Tiga hari memantau perkembangan pembelajaran online, guru-guru kata Indra malah bingung mau kerjakan apa.

Walaupun sudah ada petunjuk teknis dari Kemendikbud, guru-guru ini tidak mengerti juga. Mereka hanya memberikan tugas rumah tanpa ada interaksi dengan siswa.

"Pembelajaran daring itu ya harus ada interaksi siswa dan guru. Kalau cuma sekadar kasi tugas tidak usah pakai sistem daring. Pembelajaran online itu tetap harus ada interaksi guru dan siswa. Jadi tidak dilepas siswanya kerjain tugas," terangnya.
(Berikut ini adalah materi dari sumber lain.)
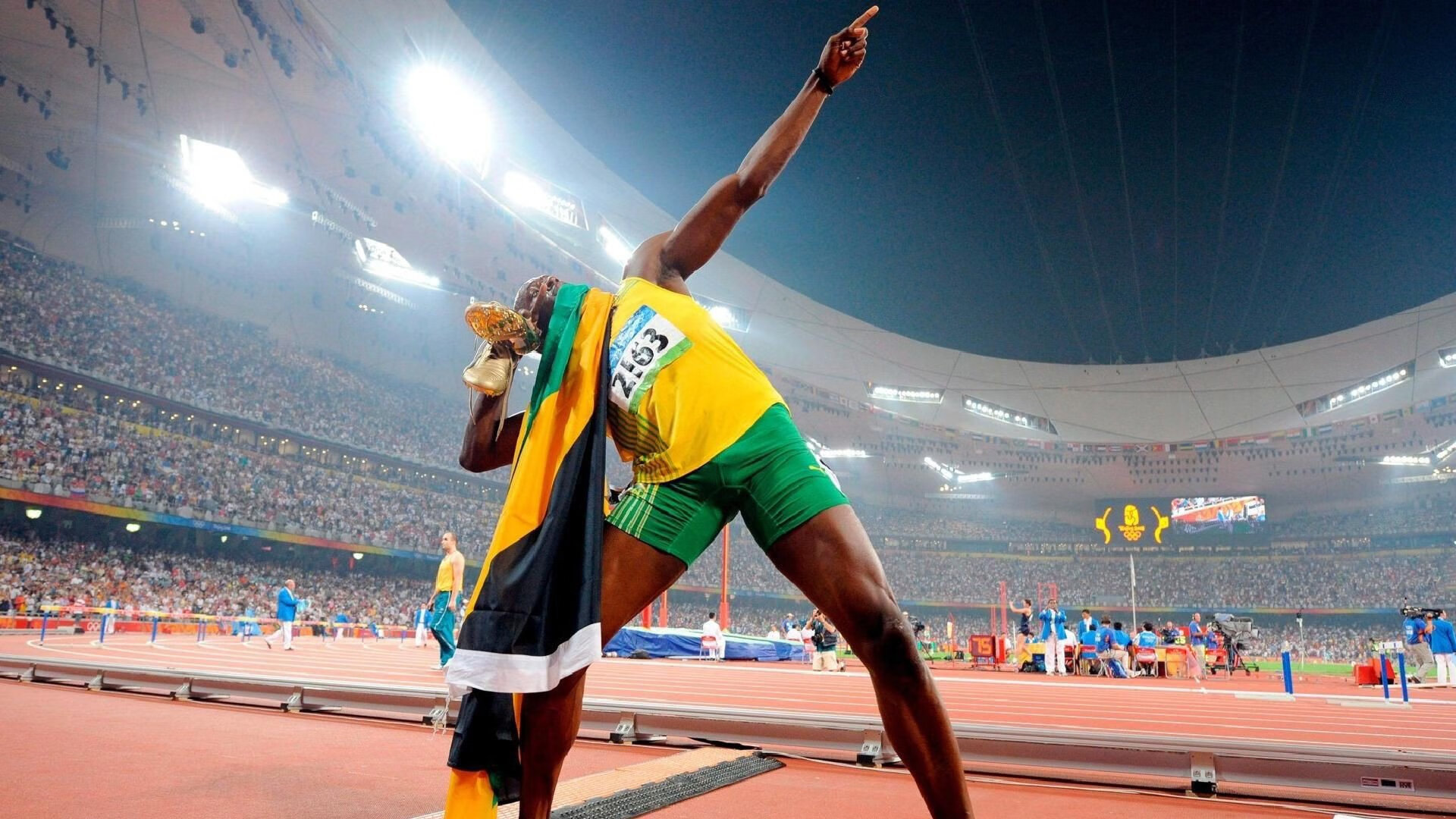 舞台的尺寸，当蒂亚戈在巴萨与里昂的星光照耀下起舞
Secara regulasi sebenarnya konsep pembelajaran berbasis digital atau daring ini sudah diatur dalam Permendikbud Nomor 22 tahun 2016 tentang Standar Proses di mana prinsip pembelajarannya harusnya berjalan sebagai berikut:

  1. Dari peserta didik diberi tahu menuju peserta didik mencari tahu;
  2. Dari guru sebagai satu-satunya sumber belajar menjadi belajar berbasis aneka sumber belajar;
  3. Dari pendekatan tekstual menuju proses sebagai penguatan penggunaan pendekatan ilmiah;
  4. Dari pembelajaran berbasis konten menuju pembelajaran berbasis kompetensi;
  5. Dari pembelajaran parsial menuju pembelajaran terpadu;
  6. Dari pembelajaran yang menekankan jawaban tunggal menuju pembelajaran dengan jawaban yang kebenarannya multi dimensi;
  7. Dari pembelajaran verbalisme menuju keterampilan aplikatif;
  8. Peningkatan dan keseimbangan antara keterampilan fisikal (hardskills) dan keterampilan mental (softskills);
  9. Pembelajaran yang mengutamakan pembudayaan dan pemberdayaan peserta didik sebagai pembelajar sepanjang hayat;
  10. Pembelajaran yang menerapkan nilai-nilai dengan memberi keteladanan (ing ngarso sung tulodo), membangun kemauan (ing madyo mangun karso), dan mengembangkan kreatifitas peserta didik dalam proses pembelajaran (tut wuri handayani);
  11. Pembelajaran yang berlangsung di rumah di sekolah, dan di masyarakat;
  12. Pembelajaran yang menerapkan prinsip bahwa siapa saja adalah guru, siapa saja adalah peserta didik, dan di mana saja adalah kelas;
  13. Pemanfaatan teknologi informasi dan komunikasi untuk meningkatkan efisiensi dan efektivitas pembelajaran; dan
  14. Pengakuan atas perbedaan individual dan latar belakang budaya peserta didik.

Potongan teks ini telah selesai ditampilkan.